## Task prompt:
Pictures stay out; everything else in the records gets transcribed exactly.

** Exercise inputs follows **

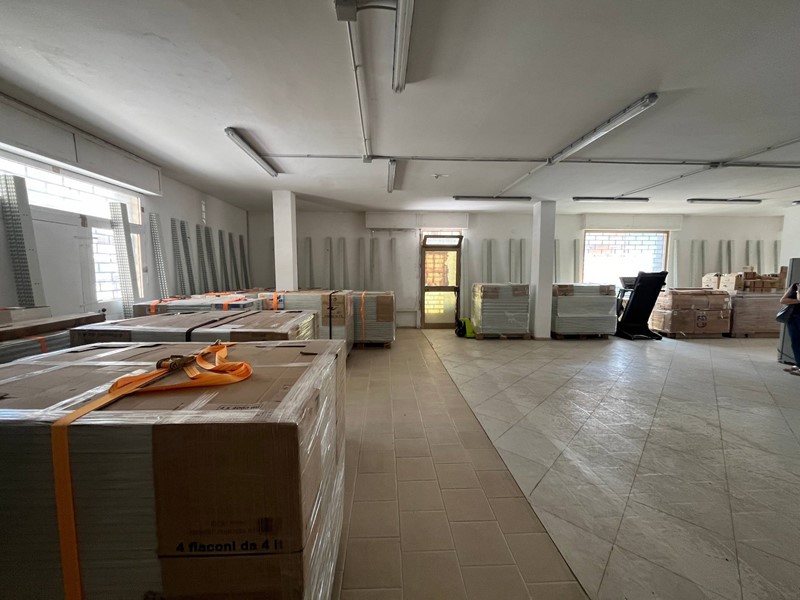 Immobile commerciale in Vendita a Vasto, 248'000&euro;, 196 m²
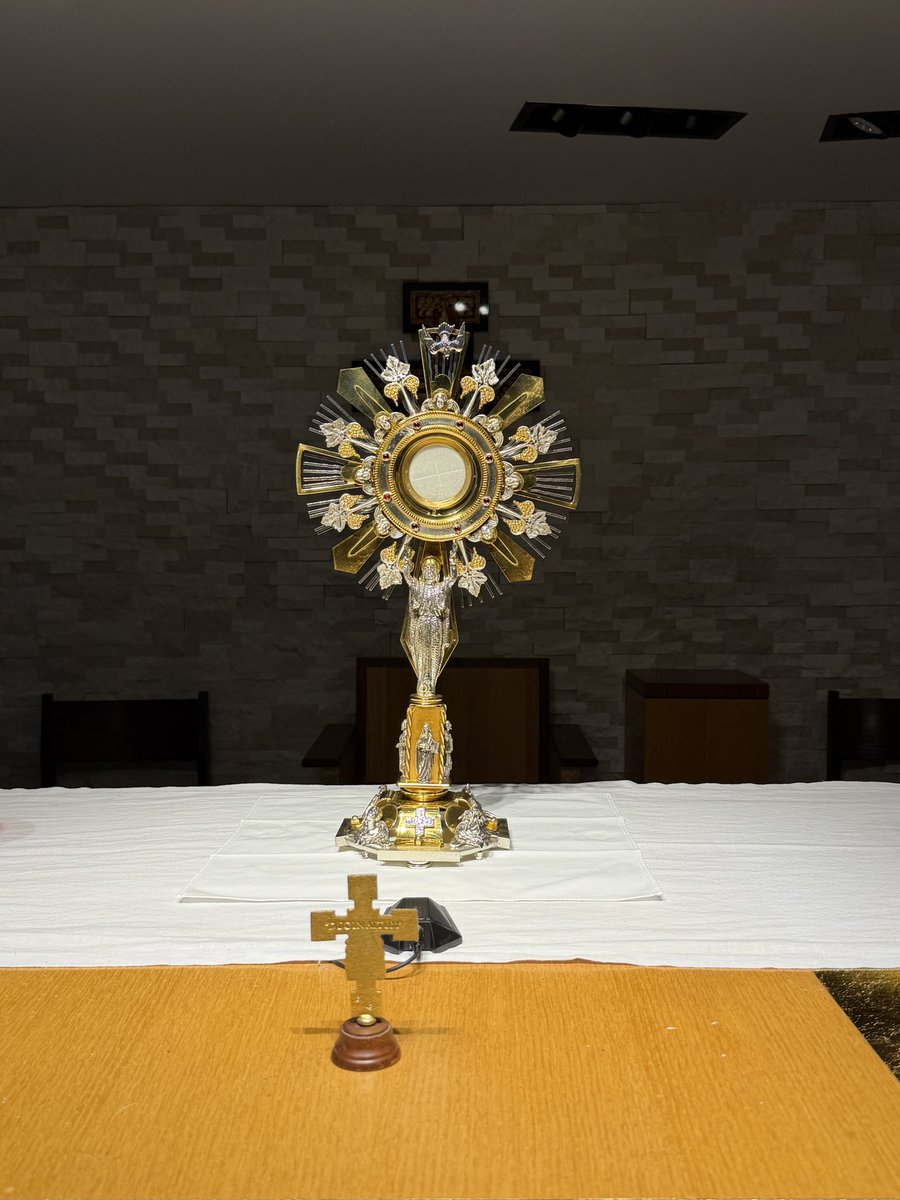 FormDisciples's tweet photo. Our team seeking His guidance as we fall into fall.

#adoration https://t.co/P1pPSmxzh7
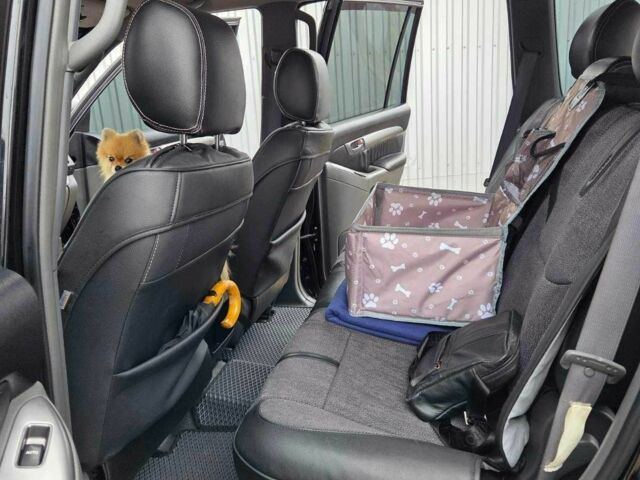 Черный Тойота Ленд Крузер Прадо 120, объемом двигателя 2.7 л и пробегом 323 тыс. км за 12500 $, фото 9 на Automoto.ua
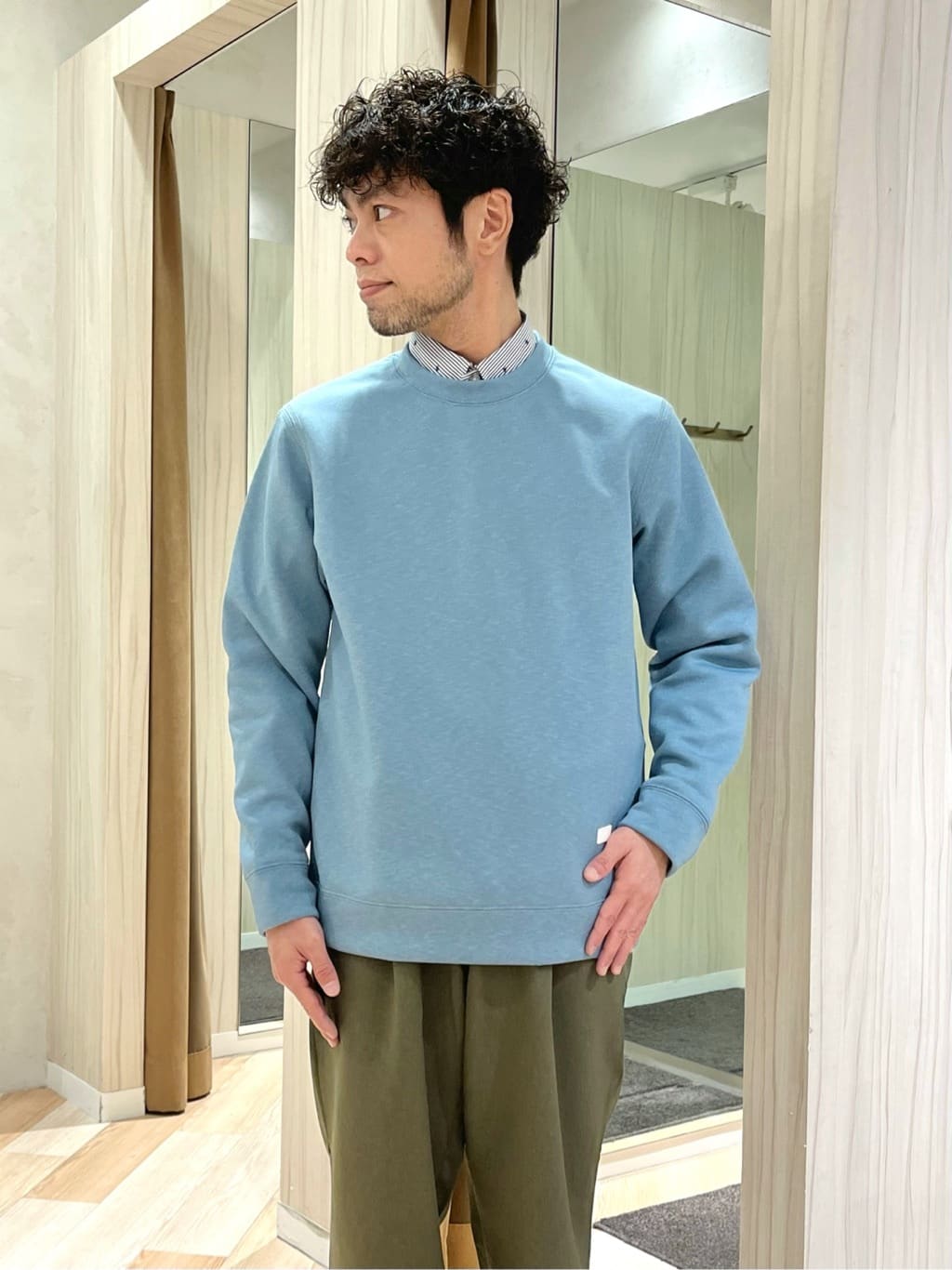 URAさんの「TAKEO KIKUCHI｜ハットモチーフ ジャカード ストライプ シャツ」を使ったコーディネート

** End of Exercise inputs **

## Answer to the exercise:
 Immobile commerciale in Vendita a Vasto, 248'000&euro;, 196 m²
 FormDisciples's tweet photo. Our team seeking His guidance as we fall into fall.

#adoration https://t.co/P1pPSmxzh7
 Черный Тойота Ленд Крузер Прадо 120, объемом двигателя 2.7 л и пробегом 323 тыс. км за 12500 $, фото 9 на Automoto.ua
 URAさんの「TAKEO KIKUCHI｜ハットモチーフ ジャカード ストライプ シャツ」を使ったコーディネート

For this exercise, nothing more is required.